Советские ученые. Очерки и воспоминания | страница 32



Обычно «наукообразный» (так назывались молодые научные работники), желавший поинтересоваться мнением Ландау, долго стоял за дверьми лаборатории и прислушивался к рассуждениям, которые Дау вел со своими сотрудниками, разгуливая по длинному коридору «Капичника» [10]. Удостоверившись, что Дау находится в хорошем настроении, жаждущий приобщиться выскакивал из–за дверей и скороговоркой выпаливал свой вопрос:

— Дау, я хотел спросить вас…

— Чушь! — кричал Ландау, не дослушав вопроса, и жаждущий немедленно скрывался за дверью.

Конечно, репертуар его выкриков был богаче: «ахинея», «галиматья», «ерунда», «глупости», «позор говорить такие вещи». Это необычайно разнообразило слышимую реакцию Дау на задаваемые ему вопросы.

Нехорошо ругать товарищей только за то, что они задали вопрос в неудачной форме. Но я считаю, что в этом были повинны обе стороны. Во–первых, по крайней мере нетактично выскакивать из засады хоть с дурацкими, хоть с умными вопросами на человека, который вздрагивал при этом от неожиданности, пугаясь, терял ход своей мысли. Во–вторых, нельзя так панически бояться прослыть недостаточно умным человеком и при первом же несогласии, хотя бы и выраженном в такой шокирующей манере, прятаться за ту же дверь, из–за которой ты только что выскочил.

Может быть, это неправильно, но я всегда оставлял за человеком (в том числе и за собой) право ошибаться. Поэтому я не выскакивал на Дау из–за дверей и, выслушав крик «ахинея», не убегал, а требовал доказательств того, что мой вопрос и в самом деле ахинея. Между прочим, довольно часто выяснялось, что вопрос вовсе не так уж глуп и вполне достоин ответа из уст самого Дау.

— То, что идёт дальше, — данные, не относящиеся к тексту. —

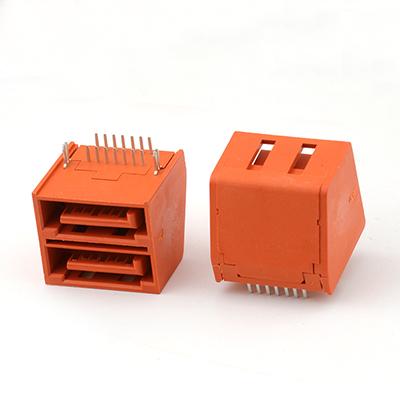 Right Angle 14P Dual SATA Male Connector 1.27MM Pitch SATA Male Plug Connector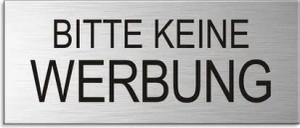 OFFORM DESIGN Hinweisschild Bitte keine Werbung Schild Briefkastenschild 60x25 mm Aluminium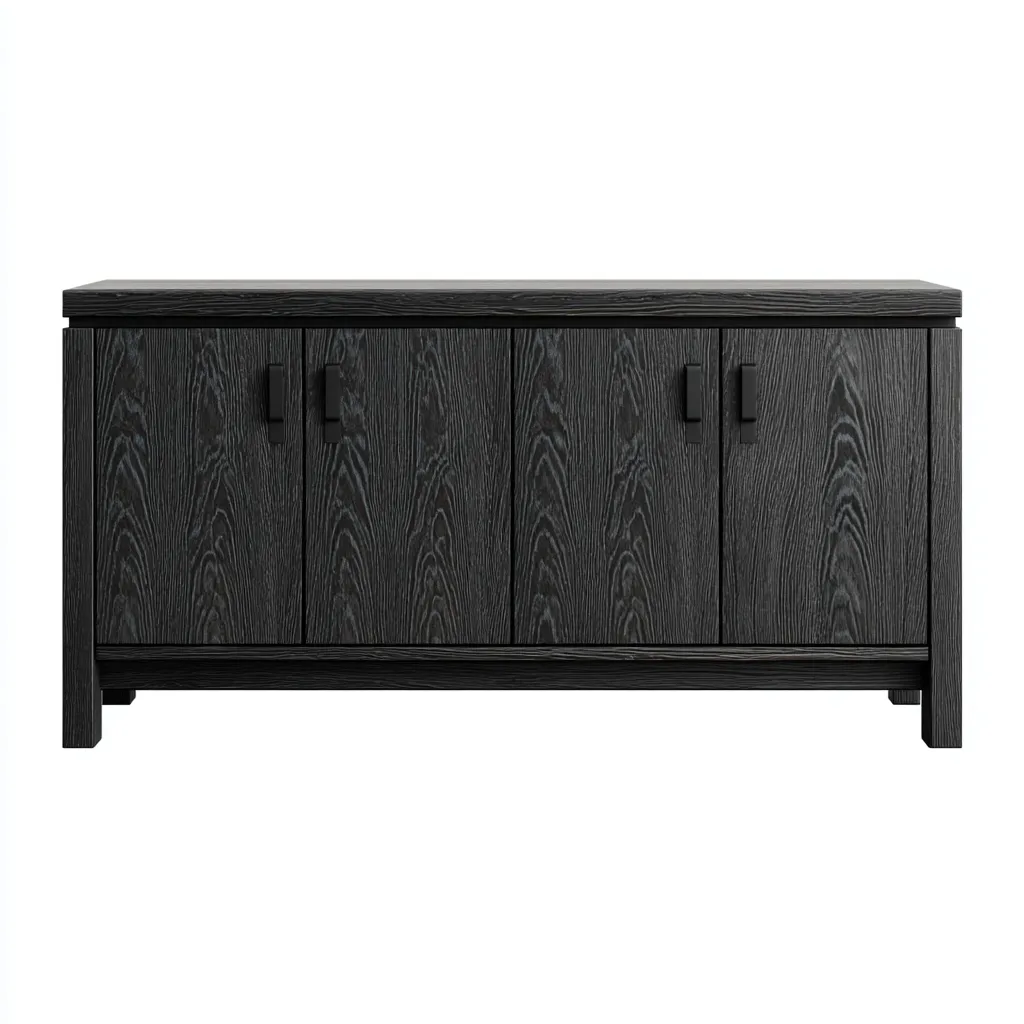 Meuble TV bois 150x40x55 cm - noir - design moderne adapté au salon-Warmthova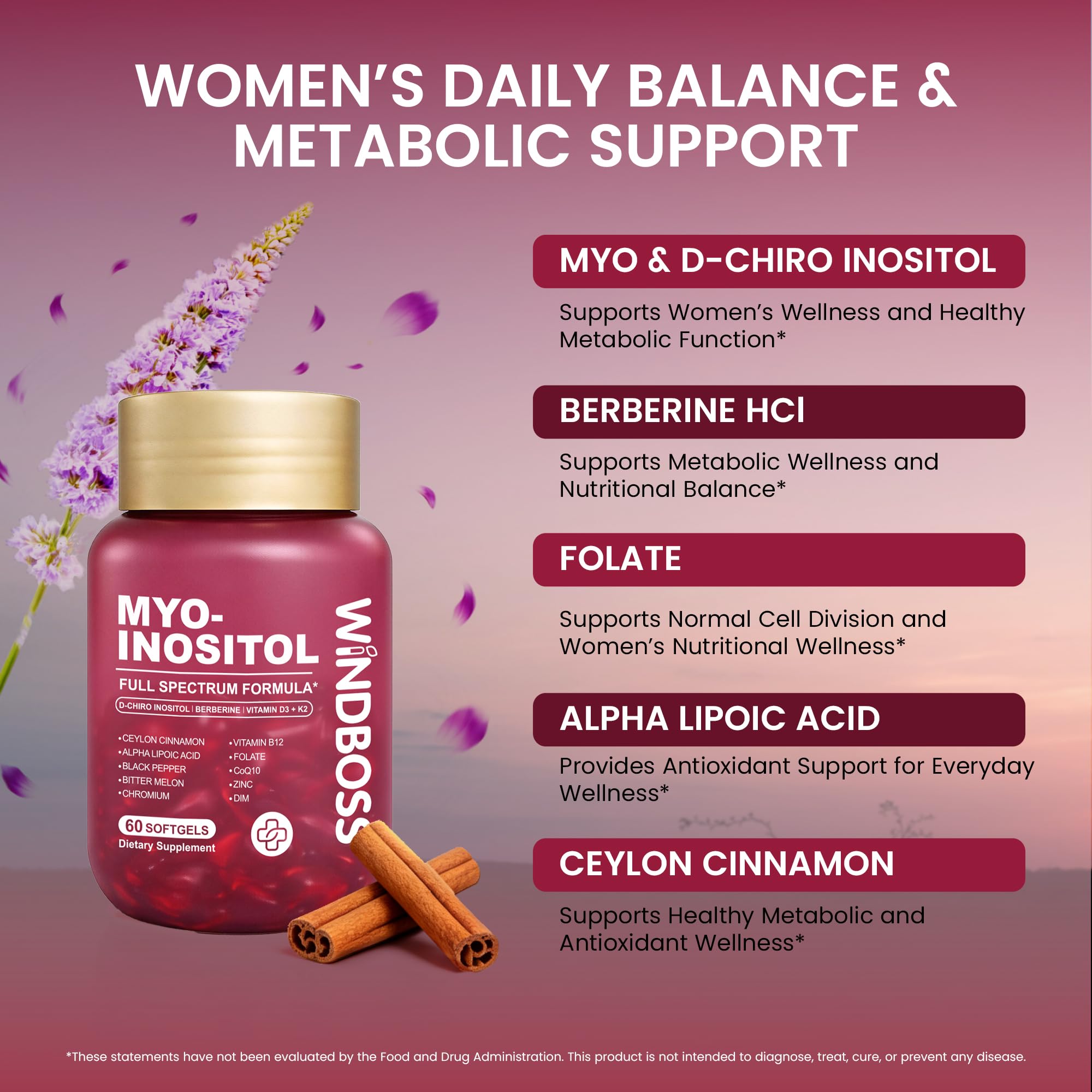 Windboss Myo - Suplementos de inositol y cortisol para mujeres, equilibrio hormonal, apoyo al estrés y bienestar emocional, D-Chiro inositol, Ashwagandha, berberina, vitamina D3+K2, 120 cápsulas 4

Моей способностью задавать вопросы Дау широко пользовались экспериментаторы, и мне порой приходилось задавать чужие вопросы. Ответы иногда казались мне не очень интересными, коль скоро они не касались меня, и я их плохо слушал или бестолково доносил до подлинного автора вопроса. Тогда мне доставалось, но уже не от Дау, а от вопрошавшего.

Иногда я говорил:

— Дау, почему вы так нетерпимы к чужим недостаткам и готовы сожрать живьем человека только за то, что он задал вам вопрос в не совсем продуманной форме?

— Что вы, Элевтерчик, — говорил Дау. — Я никогда и никого не обижаю, и я никогда никого не сожрал, я вовсе не язычник, наоборот, я полон христианского смирения. Но я выполняю свой долг и просто защищаю науку от нападок на нее со стороны этого…

Тут я его перебивал, чтобы не услышать слова, обидного для моих товарищей, ибо я предполагал, что одно из таких слов вот–вот должно сорваться с его уст.